Montessori and sexualization

I’m having a really jam packed week and want to get some ideas on virtual paper.  Please help refine these thoughts with me.

Recently the Christian Science Monitor has been discussing various points of view about the sexualization of children.  This article by Stephanie Hanes opens with a story of a three year old entering the “princess” phase.

A few years ago, Mary Finucane started noticing changes in the way her 3-year-old daughter played. The toddler had stopped running and jumping, and insisted on wearing only dresses. She sat on the front step quietly – waiting, she said, for her prince. She seemed less imaginative, less spunky, less interested in the world.

Ms. Finucane believes the shift began when Caoimhe (pronounced Keeva) discovered the Disney Princesses, that omnipresent, pastel packaged franchise of slender-waisted fairy-tale heroines. When Finucane mentioned her suspicions to other parents, they mostly shrugged.

“Everyone seemed to think it was inevitable,” Finucane says. “You know, it was Disney Princesses from [ages] 2 to 5, then Hannah Montana, then ‘High School Musical.’ I thought it was so strange that these were the new trajectories of female childhood.”

Granted we have boys, but I don’t understand the whole culture driven by TV characters and the general expectation that children will follow the archetypes into their real world.  One of the things that attracted my husband and myself to the Montessori philosophy was that it did not allow any characters on clothing or lunch boxes in the school and strongly encouraged the limiting of screen time to all students.  We pushed hard for no Baby Elmo, Disney characters (and we lived in central Florida at the time), or movie character items to be entered into our family.  This was not too difficult.  Once the grands knew, they helped with everyone else in the family.  But I digress.  The school.

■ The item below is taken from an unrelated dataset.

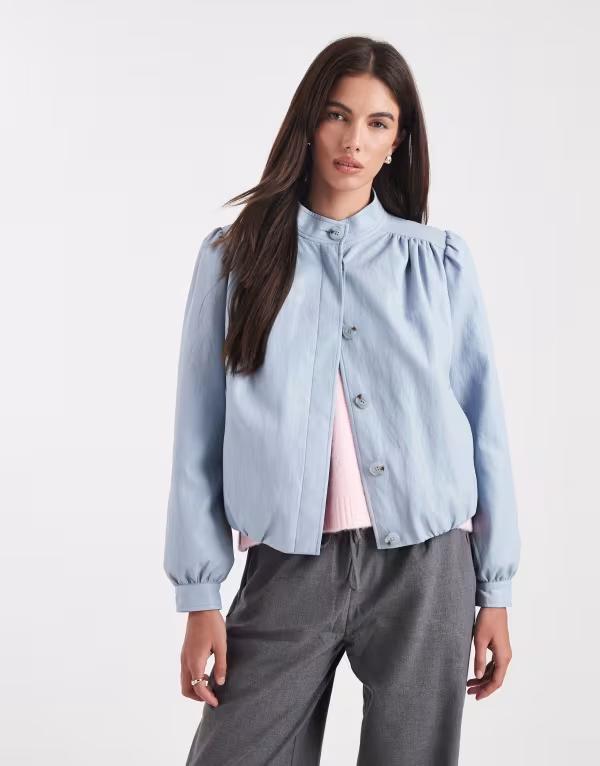 ミスセルフフリッジ レディース アウター 上衣・上衣 なめし革 フェイクレザー Misselfridge faux leather gatheredetail jacket インチ soft Blue 青み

The Montessori classroom is not overstimulating.  It does not contain items that are cartoon based.  No smiling apple waving with gloved hand or plastic worm pointer.  No cartoons to help with math.  No pre-packaged princess costumes for imaginative dress-up.  It provides what children really desire.  It provides children with the ability to be really useful.  To put on their own coats, to prepare snack, to wash their own dishes, to sew buttons, to wash windows, mirrors, and rugs, to arrange flowers, to live a full life.  In this life there is space for imagination but there is not room for helpless privilege no matter how nice. The classroom has natural items, real glass, simple color schemes, and beautiful masterpieces.  There isn’t room for the cheep.  Real trumps cheep any day.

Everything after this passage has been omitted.